Si Poutine a salué l'accord comme une avancée majeure sur la voie de la paix en Syrie, les déclarations du côté américain étaient plus discrètes et les responsables, tant au sein du gouvernement Obama qu'en dehors, se sont montrés nettement sceptiques qu'une trêve puisse tenir.
« Cela sera difficile à mettre en œuvre», a dit le porte-parole de la Maison Blanche Josh Earnest. Kerry, auditionné mardi par la Commission des relations étrangères du Sénat, n’a donné aucune assurance que la trêve pourrait effectivement être appliquée et a souligné qu’« il y a certainement des options d’un plan B à l'étude. » Il a encore dit que ce serait une erreur de sous-estimer la volonté du gouvernement Obama de prendre des mesures punitives contre la Russie.
Le Wall Street Journal a rapporté mardi que le secrétaire à la Défense Ashton Carter avait dit à de « hauts responsables » lundi que le cessez le feu ne serait pas respecté. Le journal cite un haut responsable du gouvernement disant de Carter qu’« il pense que c’est une ruse [russe] ».
L'article intitulé « Les chefs du Pentagone et de la CIA ne pensent pas que la Russie respectera le cessez-le feu syrien, » cite un « haut responsable » affirmant que le cabinet d'Obama était divisé sur la politique américaine en Syrie. Le secrétaire à la Défense Carter, le général Joseph Dunford, chef d’état-major interarmées, et le directeur de la CIA John Brennan demandaient dans les réunions de la Maison Blanche une escalade militaire majeure contre Assad et ses alliés russes.
Le Journal cite ce responsable gouvernemental disant que les chefs militaires et du renseignement exigeaient de nouvelles mesures pour « infliger aux Russes une douleur réelle». Il écrit qu'ils demandent spécifiquement l’extension du soutien secret aux « rebelles ». L'article suggère que cela pourrait inclure l'approvisionnement des forces anti-Assad en « armes sol-air de pointe pour que les combattants de l'opposition puissent repousser la puissance aérienne russe, le genre de système qui pourrait changer la donne ».

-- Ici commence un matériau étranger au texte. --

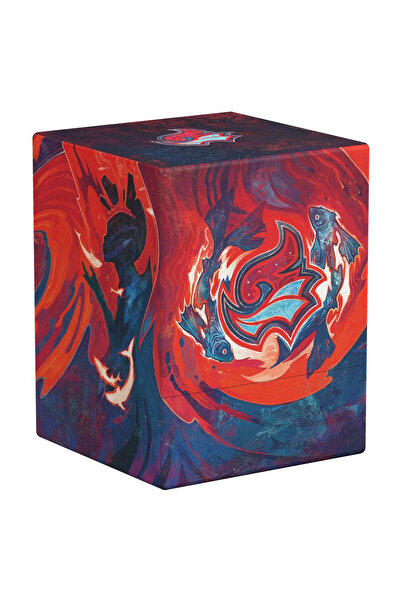 Ultimate Guard Cutie carti RTE Boulder 100+ multicolor 8x8x11cm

Cela pourrait en effet rapidement « changer la donne » en permettant aux forces par procuration des Etats-Unis d’abattre des avions de guerre russes et créer les conditions d'un affrontement militaire direct entre les Etats-Unis et la Russie. Le Journal fait lui-même le commentaire que, «Toute décision d’aider directement les rebelles à attaquer les soldats russes ou détruire les avions russes pourrait marquer une escalade dramatique du conflit. »
L'article cite un responsable commentant l’examen par la Maison Blanche de ses options en Syrie: « Pour être clair: nos actions ne visent pas la Russie. Notre axe ne change cependant rien au fait que la Russie, en s’impliquant de plus en plus dans un conflit dangereux au côté d'un dictateur brutal, s’empêtrera dans un bourbier. Si elle ne change pas de trajectoire, la Russie s’infligera ce sort elle-même ».
L'impérialisme américain a été l'instigateur d’une guerre civile qu’il a attisée pour renverser, dans le cadre de sa campagne d’hégémonie sur le Moyen-Orient riche en pétrole, le régime pro-russe et pro-iranien en Syrie et affaiblir la Russie et l'Iran. Cette guerre, qui approche de sa sixième année, a coûté autour de 470.000 vies syriennes, poussé plus de cinq millions de Syriens à l'exil, déplacé des millions de personnes en Syrie même et détruit l'infrastructure sociale et physique du pays. A présent, Washington prépare une escalade qui risque de déclencher une troisième guerre mondiale.